Some angels have wings, others have stethoscopes. I, for one, would take a stethoscope over wings any day. High School diploma, check. Penn State Undergraduate degree, almost checked. An M.D.? White coat? Scrubs? Dr. Avery Felty M.D. is in progress…
I knew I was not stupid in school, especially in science. I knew it when I got a 110 percent on my first physiology exam. It actually occurred to me that I was pretty good at science when I was accepted into Lebanon Valleys Pre-Med program with a Biology Scholarship, but even more when I was accepted into The Eberly College of Science on Penn State’s Main campus as a freshman. I knew I could remember things about the body and the way it connects to maintain a life more than I ever thought possible. I love the way the body works and how anatomy and physiology work together to create and maintain a living organism. My personal favorite: the human body.

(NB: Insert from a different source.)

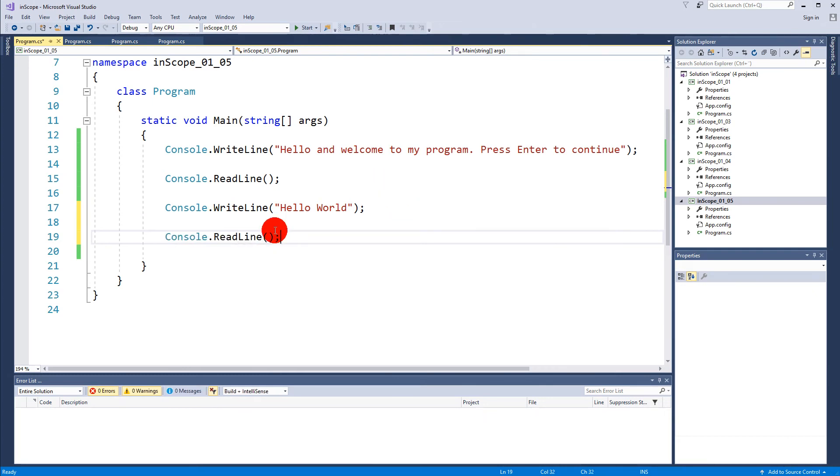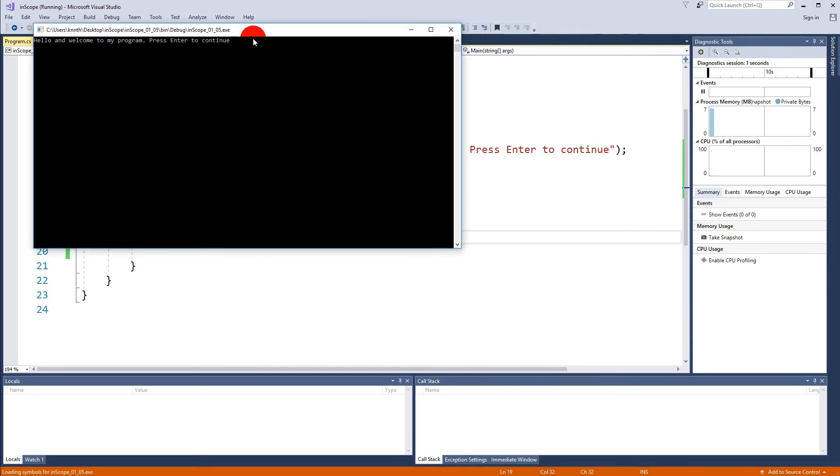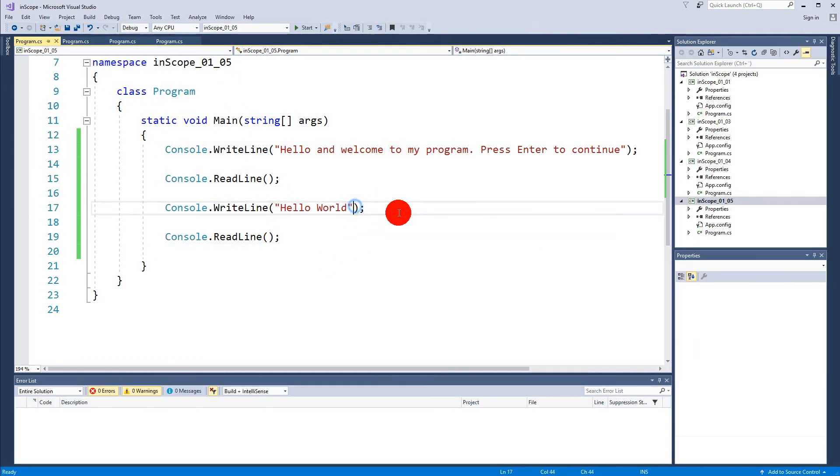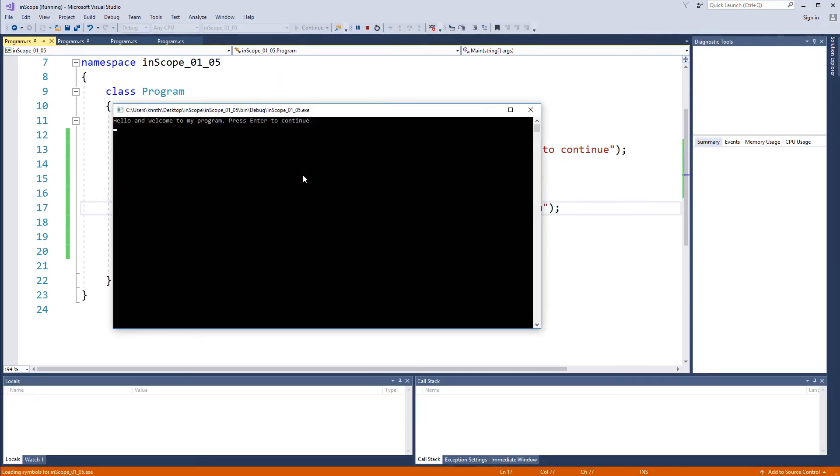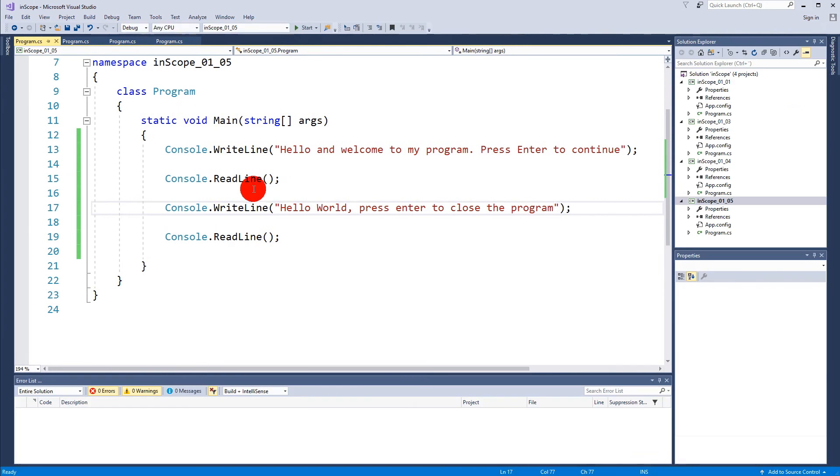There we go. So now when I play it, writes the first line of text, "write to the world," and press enter. I can also write "hello world, press enter to close the program" like so.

I want to help people. I knew this is what I wanted to do when my grandmother became sick in 2010 with stage four colon cancer and was admitted into the Lehigh Valley Cedar Crest Hospital in the fall. I visited for the few days she was in and started observing the nurses and then the doctors coming in one by one. I became highly interested in what they were doing. What was their next approach? How did they know all of this information about the body? What meds to administer? After her invasive surgery, we were brought to the ICU where we did not know if she would wake up. She was 83, hooked up to a ventilator for a week before waking up. It was a miracle. I loved that about it. There was hope and miracles, but most importantly patience.
After she came home, I was there. I helped take care of her and got to take her to her follow-up program and check-ins with the gastroenterologist. There, I met a young man who was in his first year as a resident. He explained to me step by step from the beginning of what was happening to my grandmother and all of the treatments and medications that came with it. It was amazing how all of these things gave my grandmother two more happy years.
My grandmother passed in March of 2012. I saw it and I was there for the last breath. But I knew the underlining reasons and I understood. From seeing her go from the talkative little granny with the potato farm to too sedated to the point that she could not walk up, my heart raced to help the Hospice nurse stabilize her. It was adrenaline and learning all in one.
Patients are people and people are important. They have lives and family. They have reasons behind what they do and stories behind those reasons. Sometimes we learn them and sometimes we don’t. But the underlining point is that each patient needs hope and that is what I plan on being for my patients in the future. I hope to be their hope because I will have their lives in my hands from the second they walk into hospital and even after they walk out.
“It is a beautiful day to save lives.” – Derek Shepard (Grey’s Anatomy.)